[[ INFORMATION SHOWN open ]]

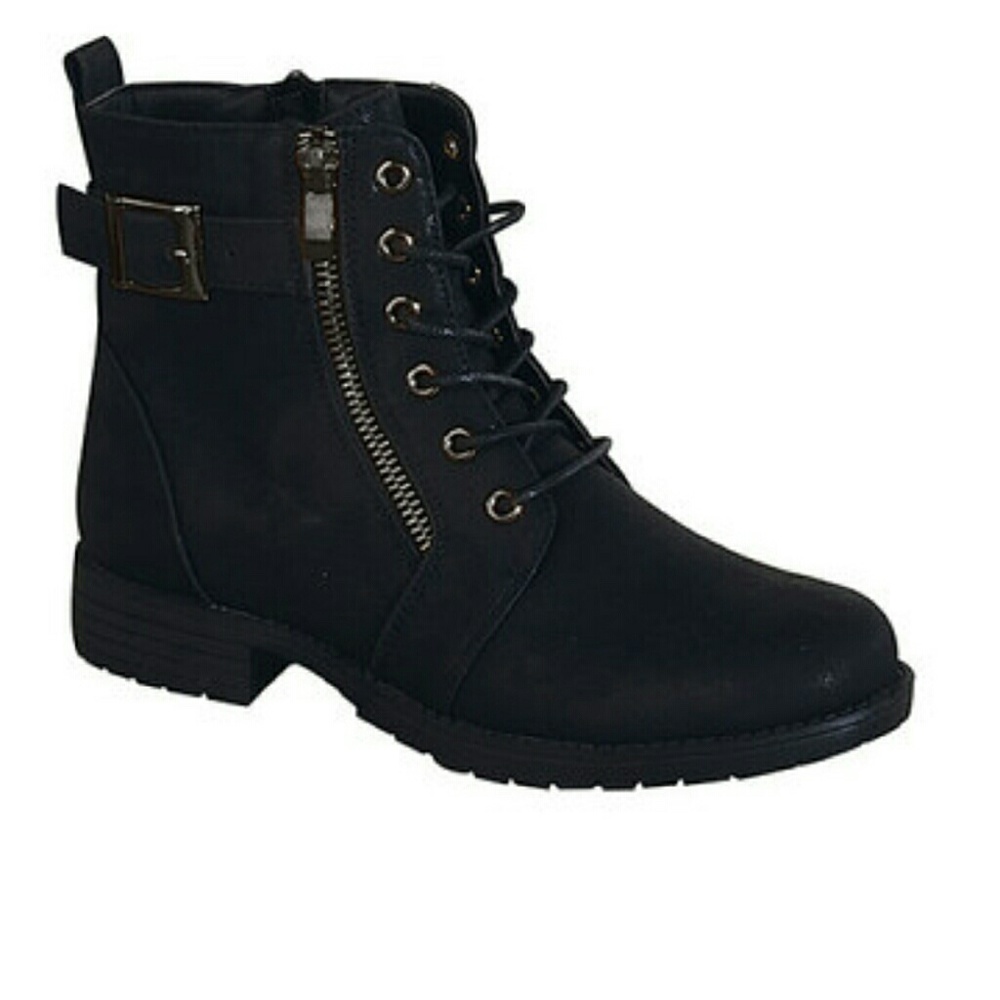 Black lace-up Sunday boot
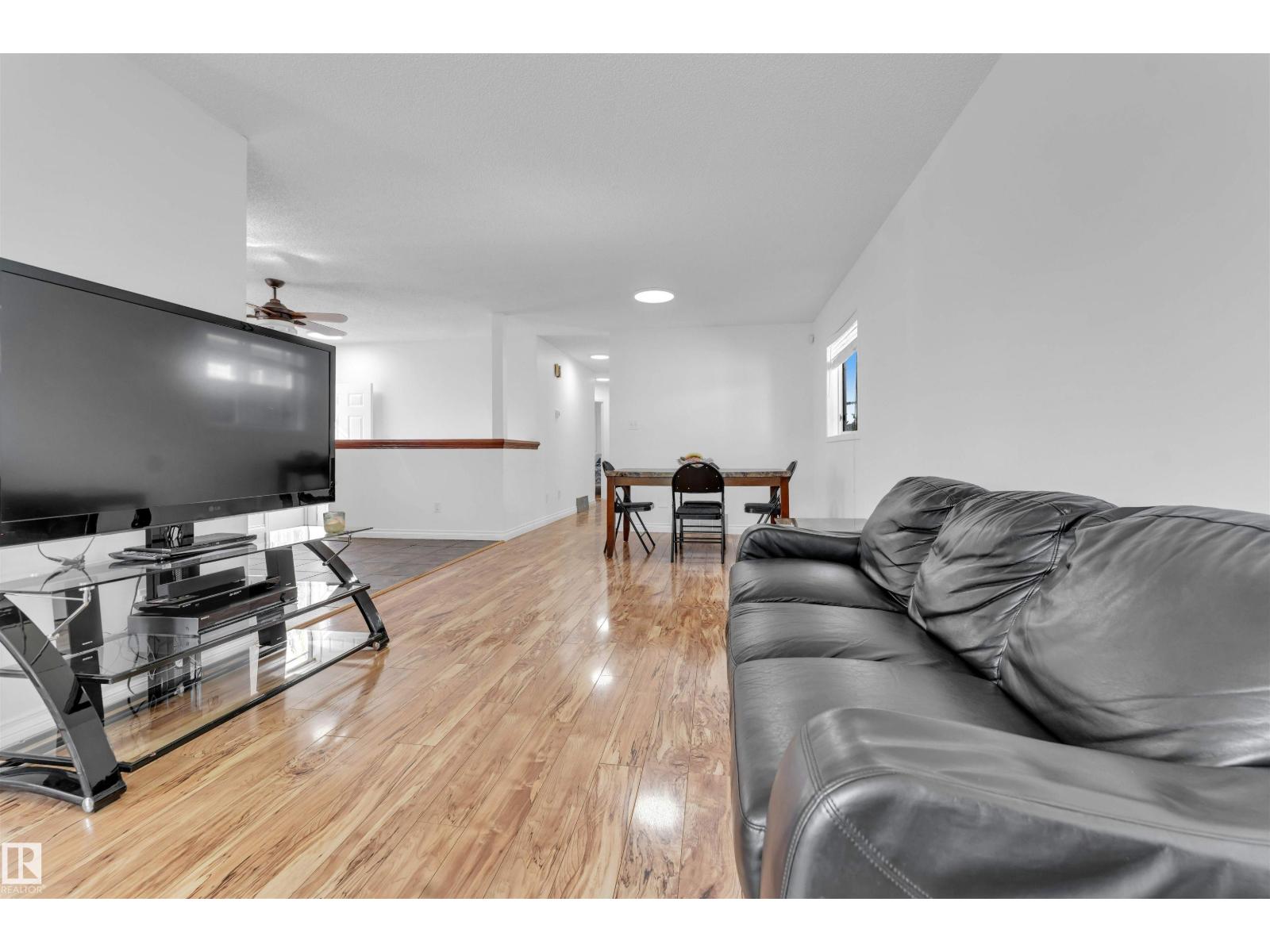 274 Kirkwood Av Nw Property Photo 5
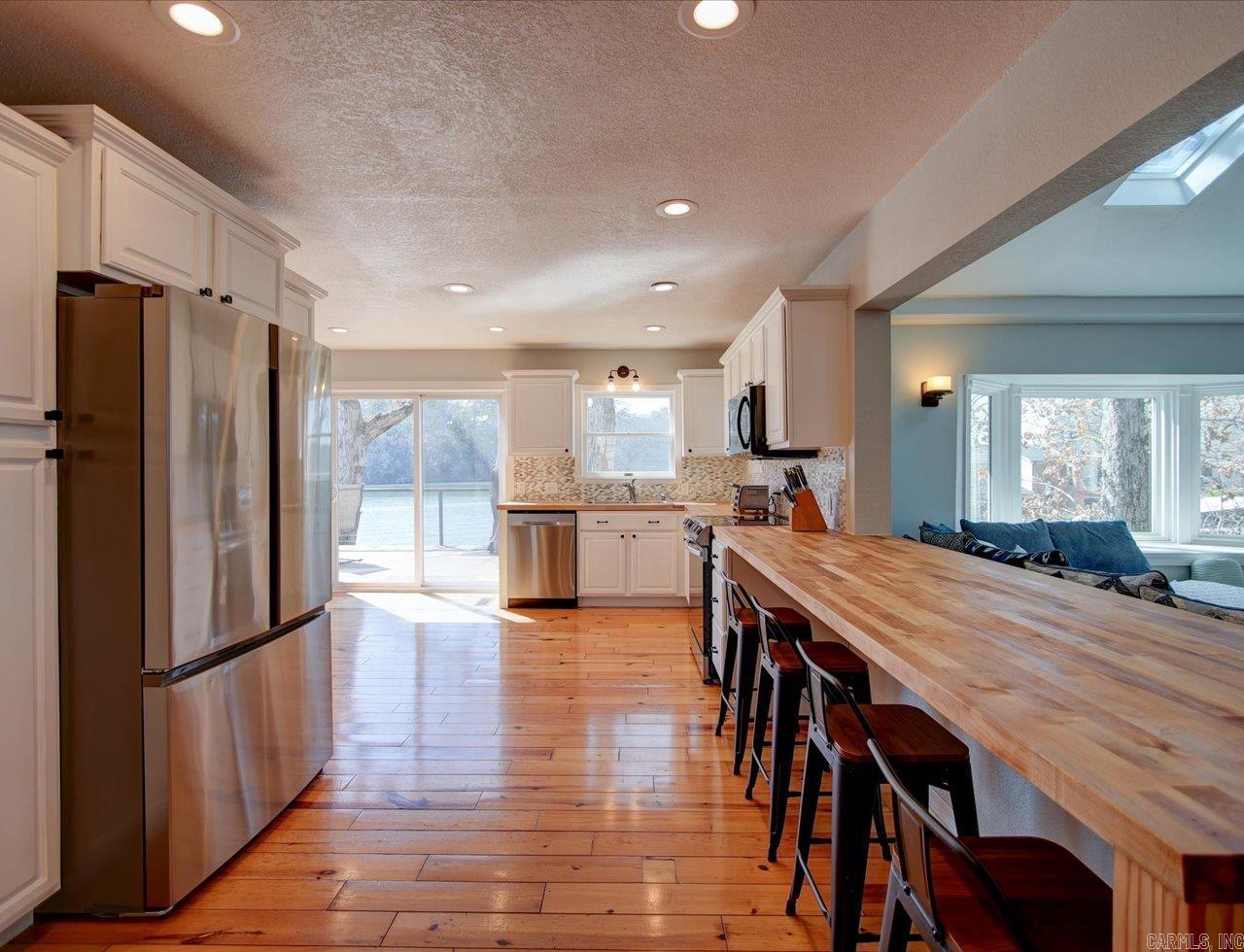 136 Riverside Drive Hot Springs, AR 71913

[[ INFORMATION SHOWN closed ]]

YOUR ASSIGNMENT: Could you set down the material above word for word while dropping its pictures?

ANSWER SECTION:
 Black lace-up Sunday boot
 274 Kirkwood Av Nw Property Photo 5
 136 Riverside Drive Hot Springs, AR 71913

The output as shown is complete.